Could you copy exactly the lines from the one containing "Metal, Contemporary, Modern" through the last line of the records, leaving out every picture?

[Source data]
+ + + + +

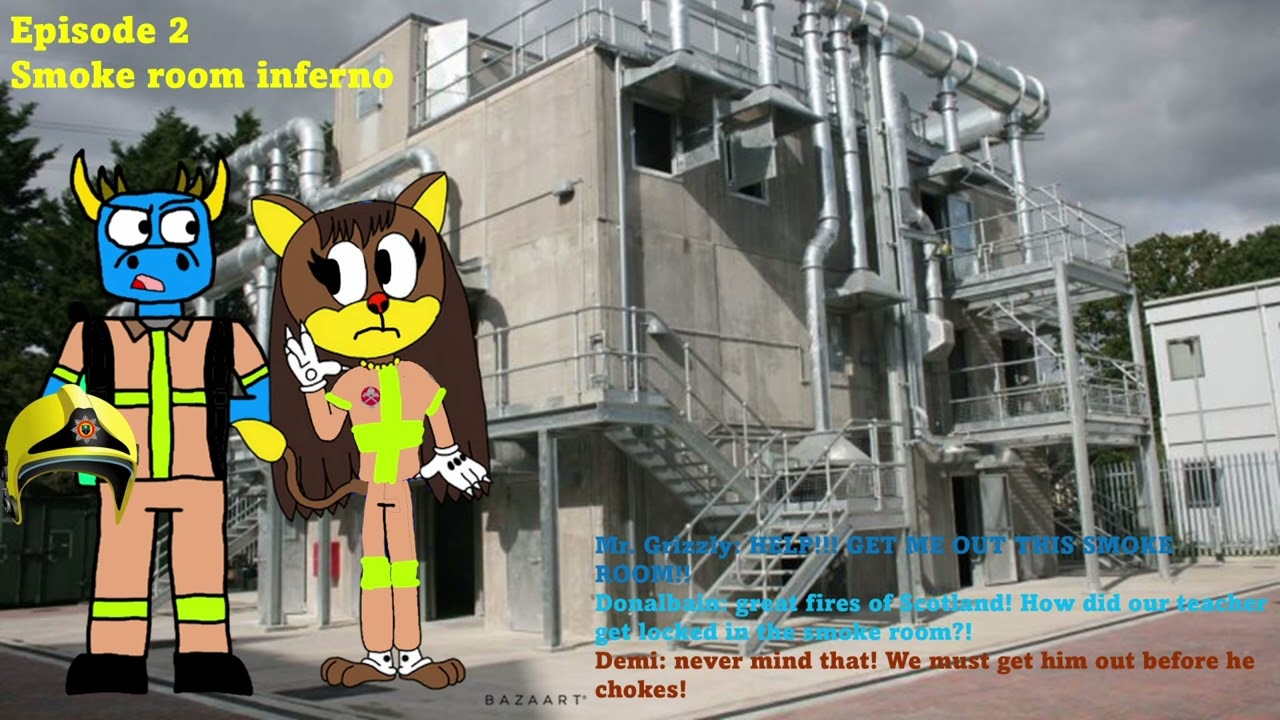 Demi and the rescue squad Episode 2: Smoke room inferno (read the description)
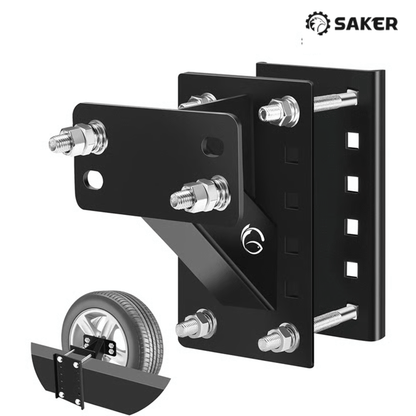 Spare Tire Mount For Trailer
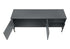 MN-662739    Tv Stand, 60 Inch, Console, Media Entertainment Center, Storage Cabinet, Living Room, Bedroom, Grey Laminate, Black Metal, Contemporary, Modern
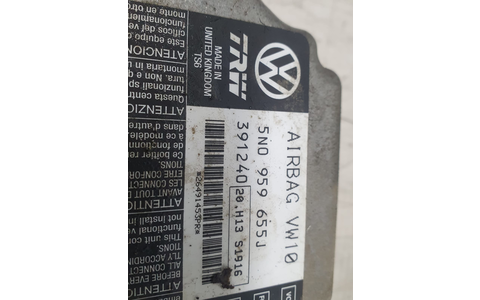 Calculator airbag 5N0959655J Volkswagen Passat B6 (2005 - 2010) - imagine 3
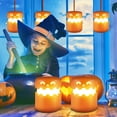 thumbnail image 5 of Halloween Pumpkin Lantern Decorations 3 Inch Halloween Decor,Halloween Decor for Home Party(As Shown), 5 of 6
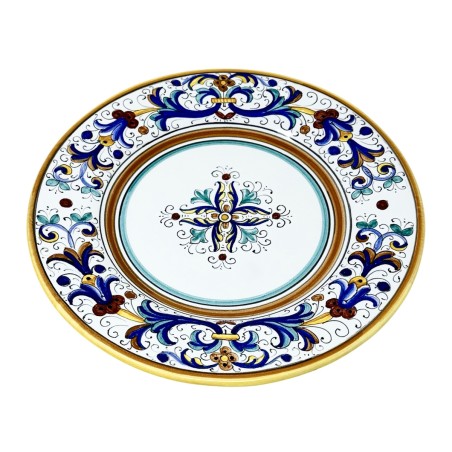 Service d’assiettes Ricco Deruta
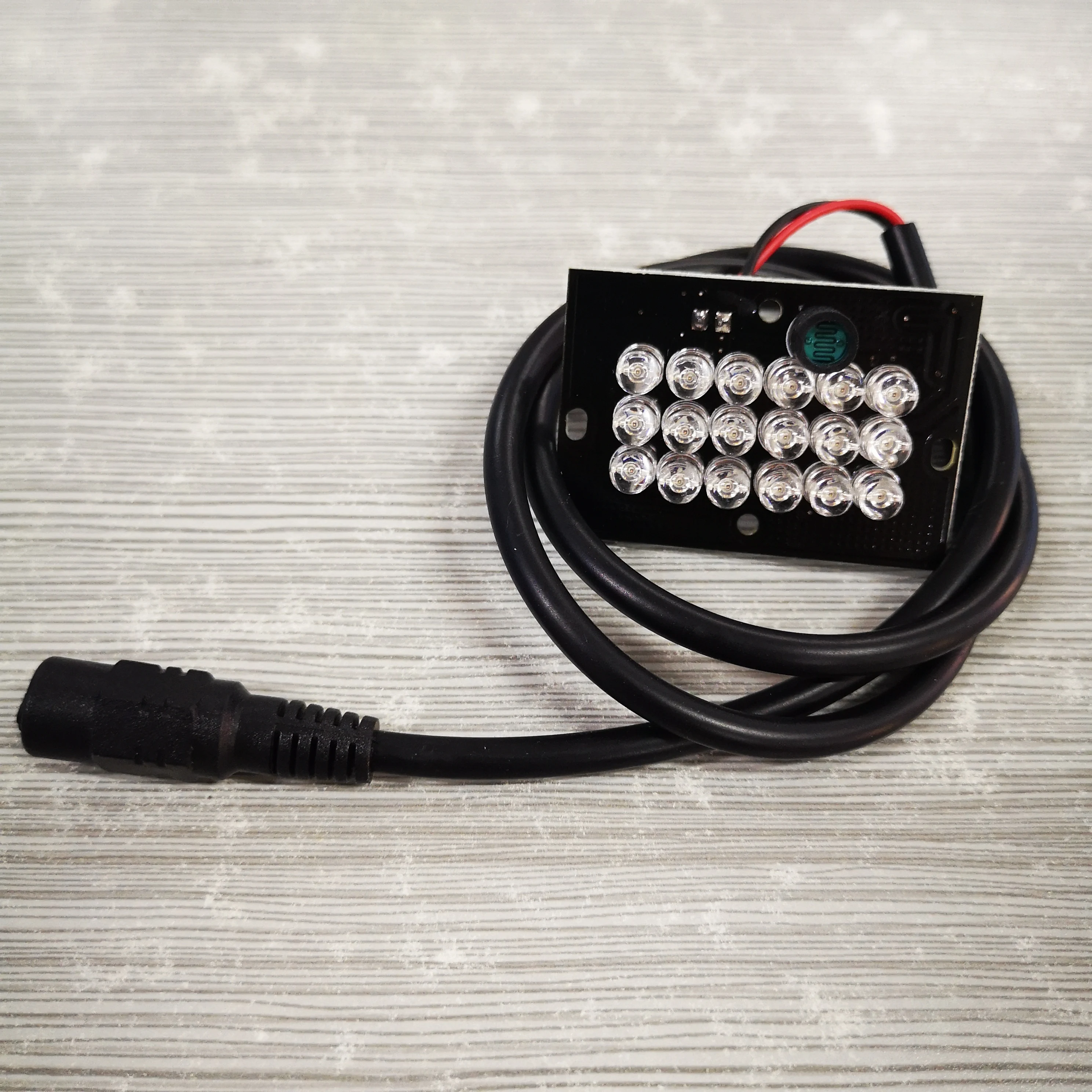 Невидимое ночное видение DC 12V 12LED IR 940nm инфракрасное прожектор совета для камеры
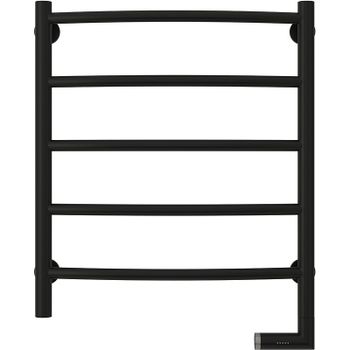 Электрический полотенцесушитель Сунержа Галант 2.0 600x500 R 31-5201-6050 Черный матовый — фото 1, Электрические полотенцесушители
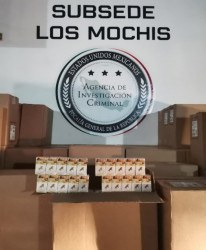 FGR decomisa un millón 250 mil cigarros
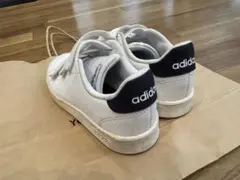 [アディダス] 20センチ　スニーカー アドバンコート ベース 2.0 キッズ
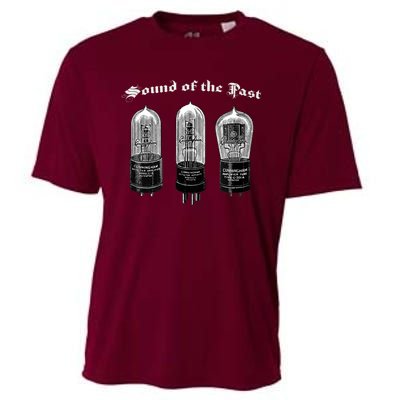 Sound Of The Past Antique Radio Collector Cooling Performance Crew T-Shirt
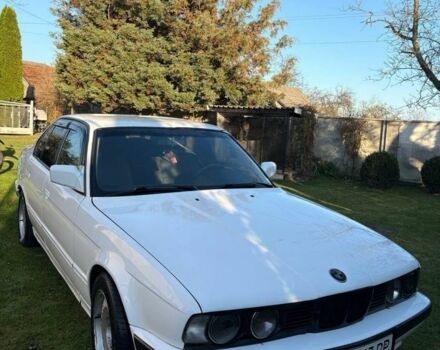 Белый БМВ 5 Серия, объемом двигателя 3.4 л и пробегом 460 тыс. км за 2319 $, фото 6 на Automoto.ua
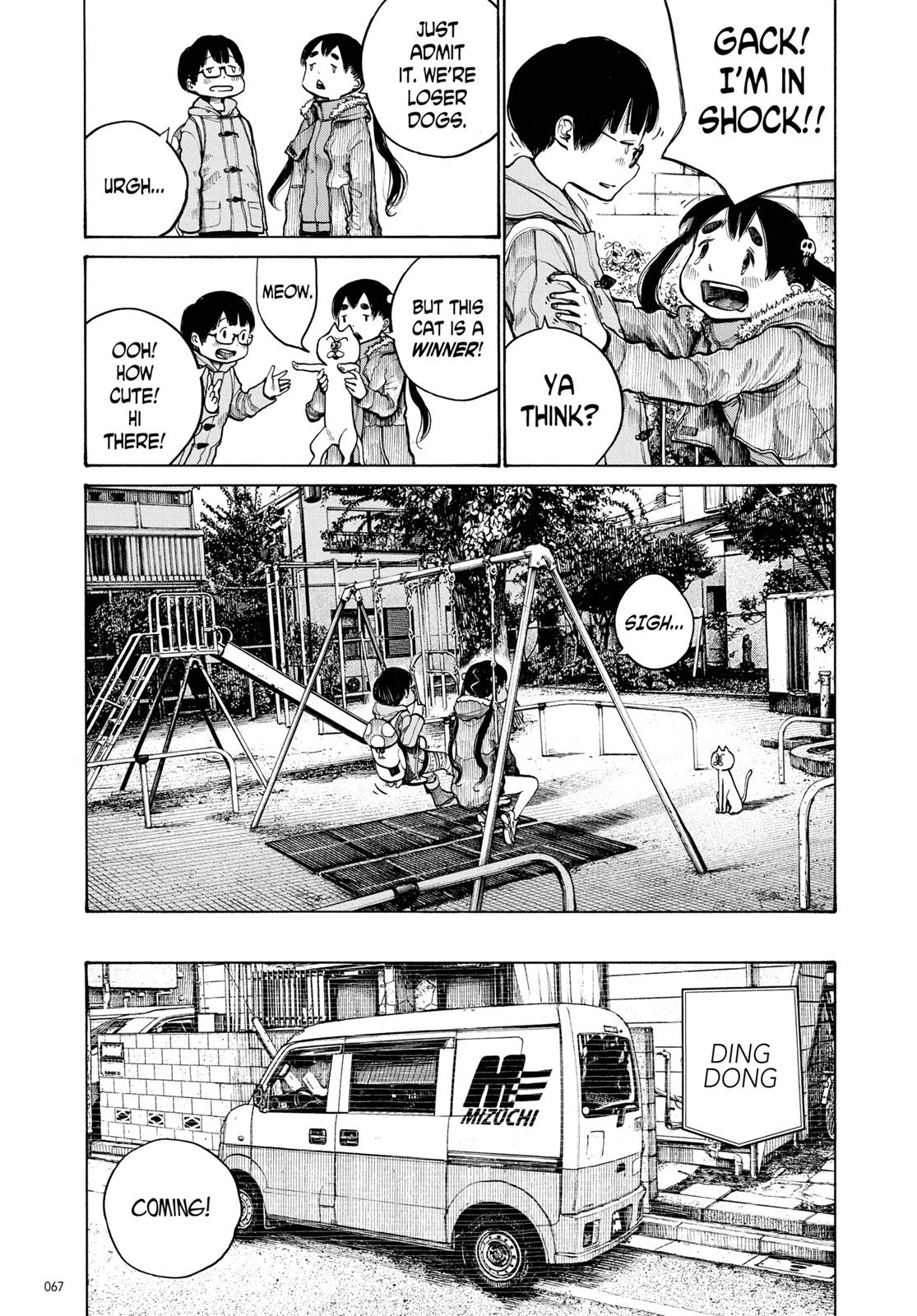Read Dead Dead Demons Dededede Destruction en Manga Online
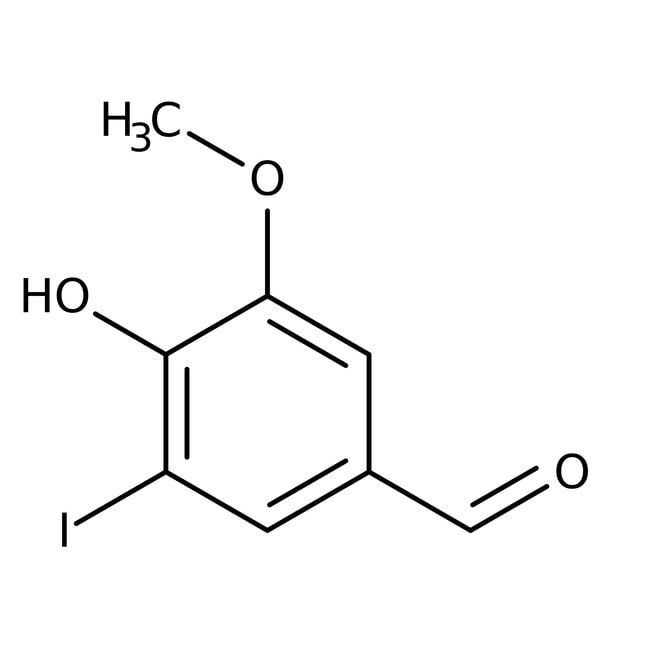 5-Jodvanillin, 98 %, 5-Iodovanillin, 98%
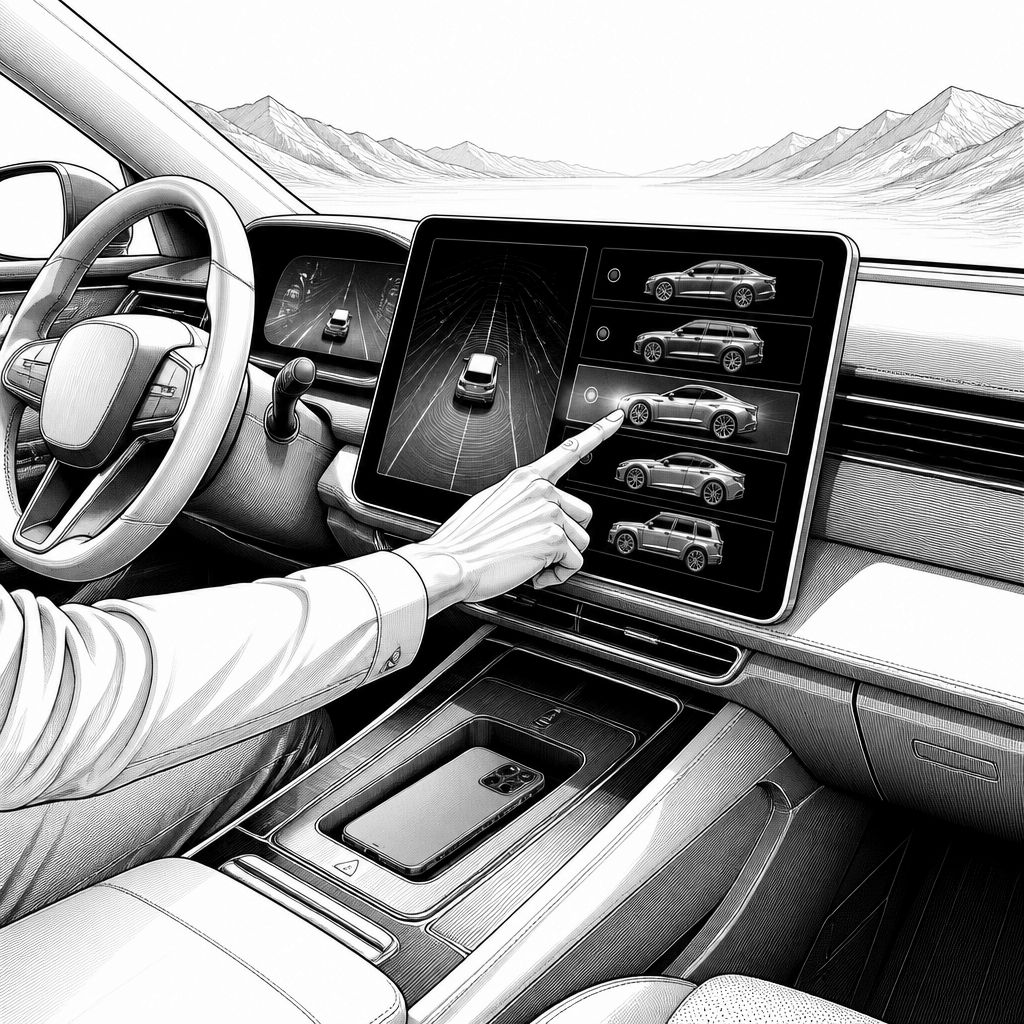 Google Maps in Android Auto: Fahrzeug-Icon jetzt direkt auswählbar Google Maps in Android Auto: Fahrzeug-Icon jetzt direkt auswählbar
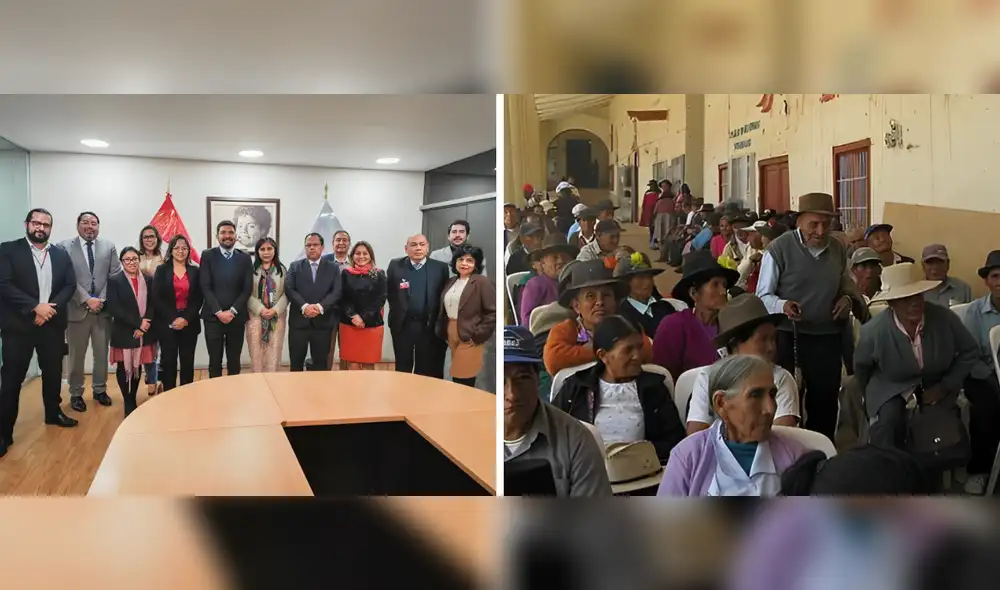 MIMP se reúne con ministerios, ONP y EsSalud para fortalecer la Política Nacional de Personas Adultas Mayores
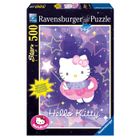  PuzzleStar Line Kitty 500p - Fluorescent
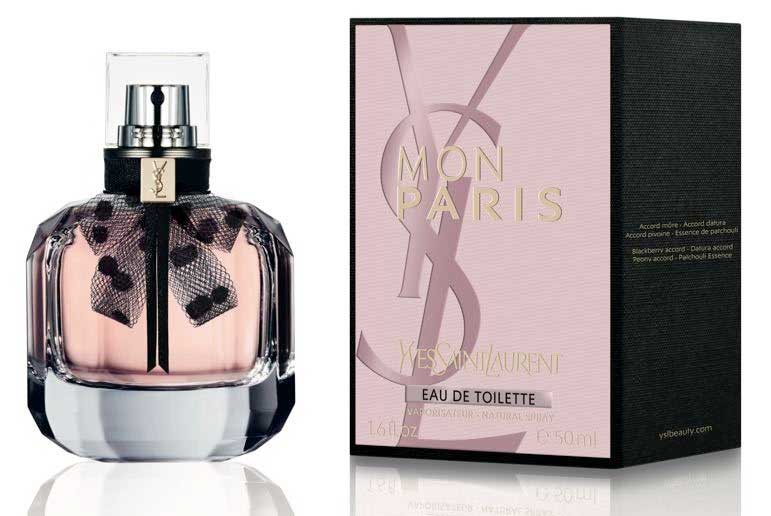Mon Paris Eau De Toilette Yves Saint Laurent Perfume A New Fragrance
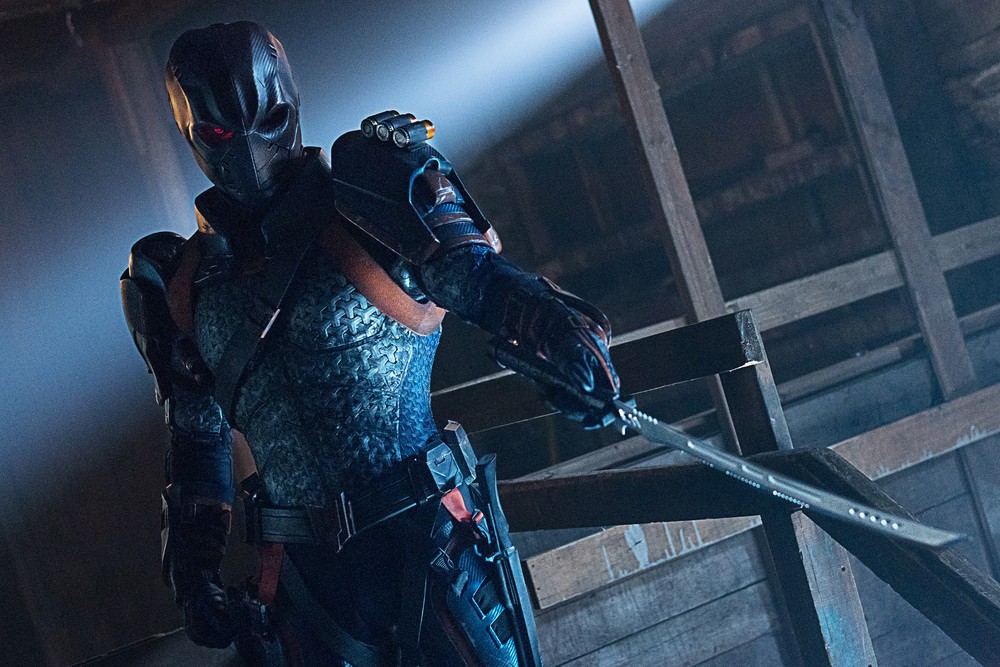 Titans #2.5 Photos: “Deathstroke”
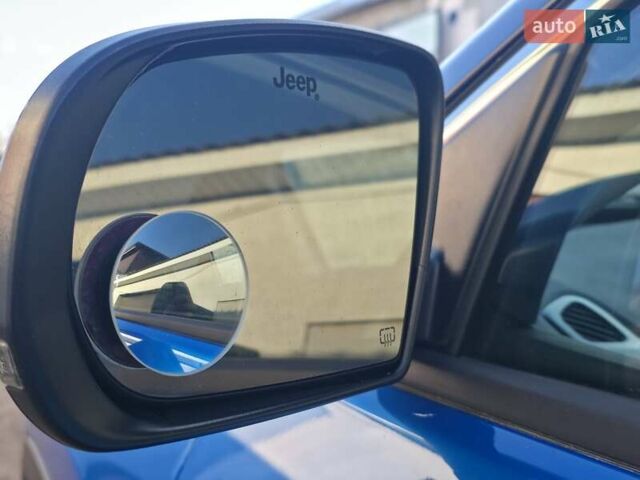 Синий Джип Компас, объемом двигателя 2.4 л и пробегом 138 тыс. км за 15800 $, фото 22 на Automoto.ua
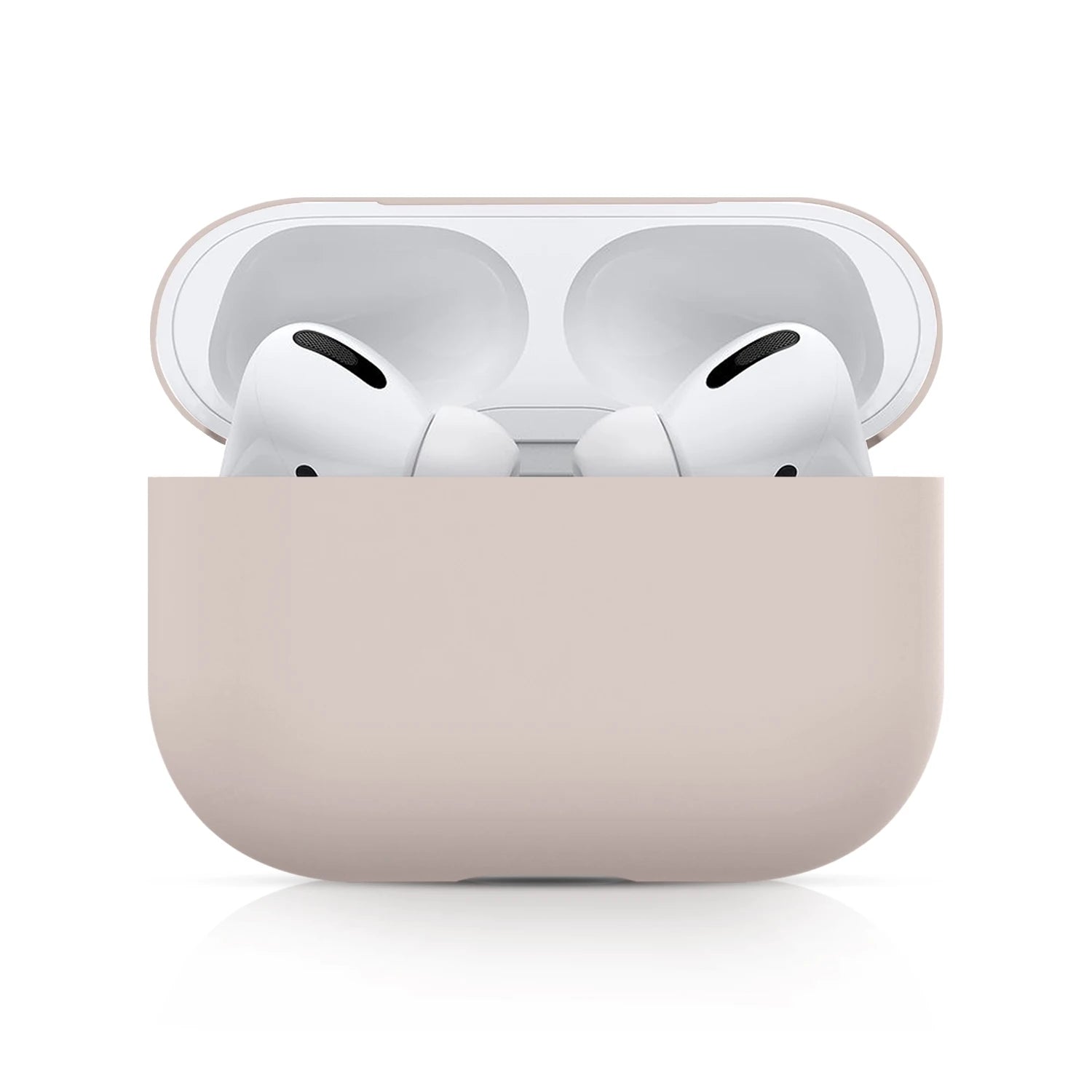 Soft Silicone Case Earphone For Apple Airpods Pro Case Bluetooth Wireless Headphone Protective Cover Box for Airpods Pro 1st gen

+ + + + +

_RESULT_
 MN-662739    Tv Stand, 60 Inch, Console, Media Entertainment Center, Storage Cabinet, Living Room, Bedroom, Grey Laminate, Black Metal, Contemporary, Modern
 Calculator airbag 5N0959655J Volkswagen Passat B6 (2005 - 2010) - imagine 3
 thumbnail image 5 of Halloween Pumpkin Lantern Decorations 3 Inch Halloween Decor,Halloween Decor for Home Party(As Shown), 5 of 6
 Service d’assiettes Ricco Deruta
 Невидимое ночное видение DC 12V 12LED IR 940nm инфракрасное прожектор совета для камеры
 Электрический полотенцесушитель Сунержа Галант 2.0 600x500 R 31-5201-6050 Черный матовый — фото 1, Электрические полотенцесушители
 FGR decomisa un millón 250 mil cigarros
 [アディダス] 20センチ　スニーカー アドバンコート ベース 2.0 キッズ
 Sound Of The Past Antique Radio Collector Cooling Performance Crew T-Shirt
 Белый БМВ 5 Серия, объемом двигателя 3.4 л и пробегом 460 тыс. км за 2319 $, фото 6 на Automoto.ua
Read Dead Dead Demons Dededede Destruction en Manga Online
 5-Jodvanillin, 98 %, 5-Iodovanillin, 98%
 Google Maps in Android Auto: Fahrzeug-Icon jetzt direkt auswählbar Google Maps in Android Auto: Fahrzeug-Icon jetzt direkt auswählbar
 MIMP se reúne con ministerios, ONP y EsSalud para fortalecer la Política Nacional de Personas Adultas Mayores
  PuzzleStar Line Kitty 500p - Fluorescent
Mon Paris Eau De Toilette Yves Saint Laurent Perfume A New Fragrance
 Titans #2.5 Photos: “Deathstroke”
 Синий Джип Компас, объемом двигателя 2.4 л и пробегом 138 тыс. км за 15800 $, фото 22 на Automoto.ua
 Soft Silicone Case Earphone For Apple Airpods Pro Case Bluetooth Wireless Headphone Protective Cover Box for Airpods Pro 1st gen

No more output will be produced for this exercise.